In other words, for those of us not satisfied with the status quo, we have both school-work and home-work to do.
The girliness-patina thing can repel at all ages. I walked into my undergraduate university's chapter of the Society of Women Engineers, took one look at all the pink crap everywhere, and said, "Oh hell no," and walked right back out again. I found a group that involved playing with power tools instead.
Then again, machinery + pretty colors when it's not foisted on me as some "what girls are supposed to like" thing doesn't bother me at all, such as in Japan where construction equipment tends to look like this: http://www.japan-photo.de/D-BAU1-04.jpg
First of all, thanks for linking to me and thinking of me!

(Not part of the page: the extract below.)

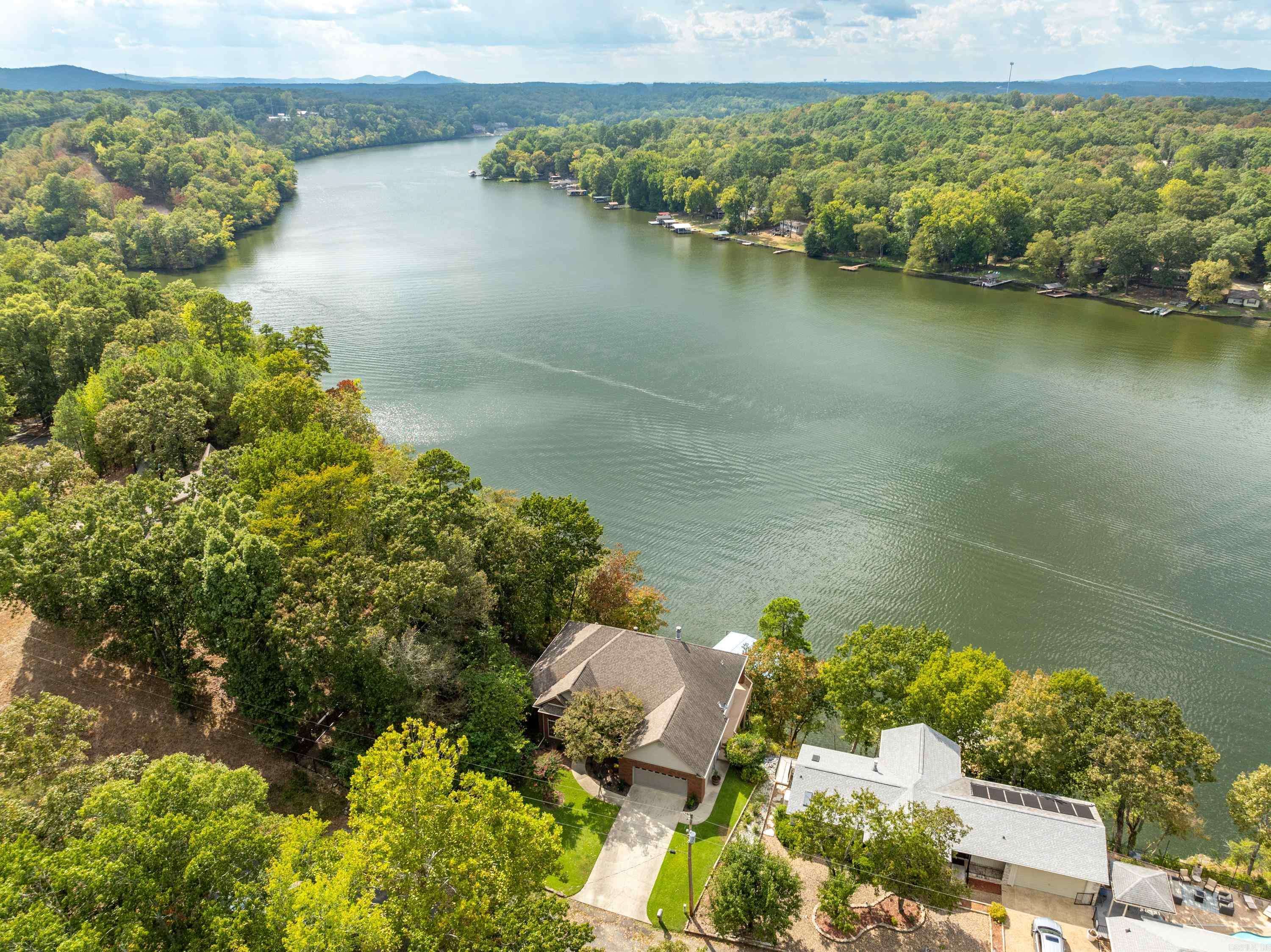 Hot Springs, AR 71913,343 Arlington Point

Had no idea you even read my little blog.
I think it will just be so lovely when it hits us, really hits us what we've built online, and decide to take it to the streets.
I'm not going to comment-hog with much, but wanted to share a few questions worth asking:
1) What would it look like if administrators, faculty and students weren't set up to feel like adversaries?
2) What would it look like if universities understood themselves as potential models for society?
3) What does rational work look like -- and by rational I mean respecting the many aspects of life that academics are forced to pretend doesn't exist, like changing diapers and doing laundry.
4) What is good science? Can we be doing better science by decreasing our reliance on men who have wives willing to take care of the house (one of the issues noted on the NAS panel), and taking the steps necessary in the workplace to make it possible for the power structures of the home to change?
Thanks again!
Thanks so much for this post. Can't tell you how many different circles my brain is turning in right now. So much to think about. Wonderful quotes, and thanks for leading us all to the original posts. Must...stop...having...headaches. I really, really, really want to do some serious blogging. So much to be said...thanks for being out there to do a lot of the saying.